The Mullen Gang was an Irish-American gang operating in Boston, Massachusetts. The gang derived its name from a commemorative plaque to a war hero named John Joseph Mullen, which was located on a street corner in South Boston that the gang's members frequented. After a decade-long gang war against another Irish mob group, the Killeen Gang, for control of criminal rackets in South Boston, both gangs were consolidated under the control of the Winter Hill Gang in 1972.

==Gang members==

Paulie McGonagle (died November 1974) was a Boston mobster and onetime leader of the Mullen Gang, a South Boston street gang involved in burglary, auto theft, and armed robbery. During the war against Donald Killeen and his brothers, McGonagle successfully led the Mullens in a string of shootings which finally ended with Killeen's murder in 1972. After a truce was arranged with Whitey Bulger and the remnants of the Killeen organization, McGonagle remained angry about Bulger's accidental murder of his fraternal twin brother, Donald McGonagle. It is believed that this was one of the reasons for his disappearance in November 1974. His body was later excavated from a shallow grave on Boston's Tenean Beach.

Tommy King (died 1975) was a Boston mobster and member of the Mullens during their gang war against Donald Killeen and his lieutenants Billy O'Sullivan and James J. Bulger during the early 1970s. Following Killeen's murder in 1972, he became an associate of Bulger and the Winter Hill Gang after his alleged involvement in the death of Paul McGonagle. In 1975, he disappeared following an altercation with Bulger in a Southie watering hole. He was suspected of having been killed by hitman John Martorano.

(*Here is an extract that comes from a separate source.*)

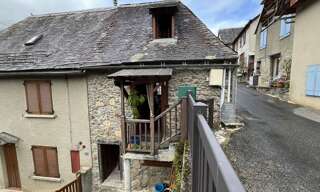 Maison 2 Pièces 36 m² à vendre à Bethmale (09800)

Patrick Nee was born to an Irish-speaking family in Rosmuc, Ireland in 1944. He was brought to the US by his parents in 1952 and became a member of the Mullen Gang at the age of 14. He fought in several turf battles before joining the US Marine Corps. He arrived in Vietnam in 1965 and saw combat at Phu Bai. After his return to South Boston in October 1966, he rejoined the Mullens and became one of their leaders in the war against the Killeen brothers. Nee arranged the truce that ended the war by arranging a sit-down in Boston's South End. After being supplanted by Bulger, he moved to Charlestown, Massachusetts and switched increasingly to smuggling arms to the Provisional IRA. He currently resides in South Boston and is the author of the memoir, A Criminal and an Irishman.

James "Jimmy" Mantville

==Feud with the Killeen Gang==
The Killeen brothers - Donald, Kenneth, George and Edward - were an Irish-American crime family which ran the bookmaking and loansharking in South Boston, Massachusetts. They used muscle to make collections, and to make examples of those who didn't pay in a timely fashion.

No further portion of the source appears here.